While Teller and Woodley are certainly the power couple of The Spectacular Now, the supporting cast puts in work that is just as solid.  Brie Larson (21 Jump Street) does a great job as Cassidy, Sutter’s ex-girlfriend who loses interest in his lack of control and conviction, Jennifer Jason Leigh (The Machinist) and Mary Elizabeth Winstead (Scott Pilgrim vs. the World) give heartfelt performances as his mother Sara and sister Holly, and Bob Odenkirk (Breaking Bad) and Andre Royo (The Wire) also do good work in their small mentorly parts as his boss and geometry teacher, respectively.  However, the standout amongst the supporting cast, and perhaps the most surprising performance of the film, is Kyle Chandler as Sutter’s deadbeat father Tommy.  After seeing Chandler as the all-together All-American in Super 8, Zero Dark Thirty, and especially Friday Night Lights, having him play a man who is barely keeping himself together is alarming and affecting to see.  His fatherly stutters become the tics of an addict, and his strong voice becomes one not of wise conviction but of desperate reassurance.  Abandoning his family in the wake of an affair, Tommy is startling figure for his son, a Sutter-Yet-To-Be that even shares his “Live for the Now” mantra but for all the wrong reasons.  He’s only on screen for a short time, but Chandler’s performance here is one of the strongest of his career.

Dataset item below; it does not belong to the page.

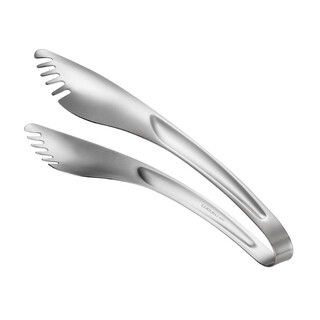 Lucuku 304 stainless steel food tongs, steak tongs, thickened buffet barbecue bread tongs, hotel food tongs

The closing moral of most high school movies, especially those with a heavy romantic subplot, is that love is forever, that if you declare your love for your crush at prom or at graduation or at a gas station on the side of the road you’ll get to ride out into the sunset on a “happily ever after”.  In The Spectacular Now, said moral is eschewed in favor of something a bit more disheartening but a lot more realistic; love moves on.  Considering the track record of the creators (Ponsoldt first directed the alcoholic drama Smashed, also starring Winstead, and Neustadter and Weber wrote the indie anti-rom-com (500) Days of Summer) the film’s outcome is hardly surprising, but it is refreshing and at the very least thoughtful.  There are very few clean endings in life, especially when it comes to the transition from childhood to adulthood, and while Sutter ends the film thinking that he has it all figured out, we as the audience know that he still has a long way to go.  It’s an honest ending, somewhat hopefully but not entirely optimistic, and I think it’s the right one for this story.  On the whole, The Spectacular Now is arguably one of the best dramas of the year, heartfelt and heartbreaking, with some great writing and astounding performances.  It’s a perfectly authentic slice of life, with all the kisses and bruises left intact.